Despite the large volume of academic literature on the synthesis and physico-chemical characterization of block copolymers and their potential for application in a wide variety of products, relatively few of these materials have been commercialized. More often than not the main obstacle to this is the high cost of synthesis versus the extra value added to potential products. Devising more cost-effective routes to block copolymers therefore remains an important challenge to polymer chemists. Using conventional solution free radical polymerization we have now synthesized, each in one-pot, architecturally complex 'branched diblock copolymers' and compositionally related 'grafted branched copolymers', exploiting a generic branching synthetic methodology developed in our own laboratory.

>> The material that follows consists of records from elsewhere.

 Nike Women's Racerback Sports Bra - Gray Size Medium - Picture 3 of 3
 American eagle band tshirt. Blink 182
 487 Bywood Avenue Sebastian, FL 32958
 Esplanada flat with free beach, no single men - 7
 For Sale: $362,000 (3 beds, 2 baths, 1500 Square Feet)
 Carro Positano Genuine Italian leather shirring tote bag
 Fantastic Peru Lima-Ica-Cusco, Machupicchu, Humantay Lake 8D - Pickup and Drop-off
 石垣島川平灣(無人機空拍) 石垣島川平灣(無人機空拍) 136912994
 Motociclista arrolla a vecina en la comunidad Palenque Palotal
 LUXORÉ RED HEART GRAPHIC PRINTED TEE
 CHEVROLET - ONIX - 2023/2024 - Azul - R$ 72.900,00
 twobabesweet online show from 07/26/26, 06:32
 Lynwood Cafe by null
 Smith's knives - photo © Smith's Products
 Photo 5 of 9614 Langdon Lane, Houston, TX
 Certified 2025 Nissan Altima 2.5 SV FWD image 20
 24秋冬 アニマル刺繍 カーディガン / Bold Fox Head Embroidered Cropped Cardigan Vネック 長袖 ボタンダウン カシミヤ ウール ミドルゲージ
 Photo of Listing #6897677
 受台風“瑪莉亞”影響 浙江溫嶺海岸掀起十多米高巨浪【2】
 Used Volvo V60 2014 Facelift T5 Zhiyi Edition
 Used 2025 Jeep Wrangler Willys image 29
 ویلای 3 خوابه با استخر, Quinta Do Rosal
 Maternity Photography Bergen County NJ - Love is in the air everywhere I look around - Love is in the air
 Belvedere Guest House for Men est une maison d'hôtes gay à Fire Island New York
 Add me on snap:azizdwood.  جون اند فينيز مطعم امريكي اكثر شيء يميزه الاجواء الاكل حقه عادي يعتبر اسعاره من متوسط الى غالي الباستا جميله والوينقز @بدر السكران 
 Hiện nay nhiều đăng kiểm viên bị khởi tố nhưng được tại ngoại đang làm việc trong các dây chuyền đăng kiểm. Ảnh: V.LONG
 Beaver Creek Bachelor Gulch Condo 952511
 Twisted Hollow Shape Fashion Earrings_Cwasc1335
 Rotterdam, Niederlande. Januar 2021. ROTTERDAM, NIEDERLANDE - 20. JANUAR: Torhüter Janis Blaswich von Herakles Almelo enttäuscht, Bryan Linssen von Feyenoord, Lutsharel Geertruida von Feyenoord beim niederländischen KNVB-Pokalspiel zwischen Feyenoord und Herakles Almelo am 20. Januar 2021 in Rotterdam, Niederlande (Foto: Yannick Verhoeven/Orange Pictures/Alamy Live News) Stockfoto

In each case blocks of poly(methacrylic acid) and poly(ethylene glycol) (PEG) are involved. The first group was obtained by copolymerization of methacrylic acid with a PEG dimethacrylate with branching favoured in competition with crosslinking by use of appropriate levels of free radical chain transfer agent. For the second series methacrylic acid has been copolymerized with a PEG monomethacrylate and ethylene glycol dimethacrylate, again with crosslinking inhibited by use of a chain transfer agent. Good yields of products are obtained and typically the polymerization mole feed compositions have been chosen to yield an even mass balance of poly(methacrylic acid) and PEG blocks in the copolymers, though this parameter is readily adjustable. The molecular composition of the products has been characterized by elemental microanalysis and H-1 NMR spectroscopy, with the latter also combining with multi-angle light scattering size exclusion chromatographic (MALS/SEC) molar mass data to provide information on the branching architecture. The products are complex mixtures in terms of both architecture and molar mass, but the synthetic strategy is far simpler, more practical and more cost-effective than alternative routes to structurally more uniform analogues via multi-step living polymerization procedures are likely to be. The materials are therefore complementary to, rather than competitive with, these analogues. The present approach lends itself to efficient scale-up, and could make significant quantities of materials readily available for further physico-chemical characterization and applications evaluation.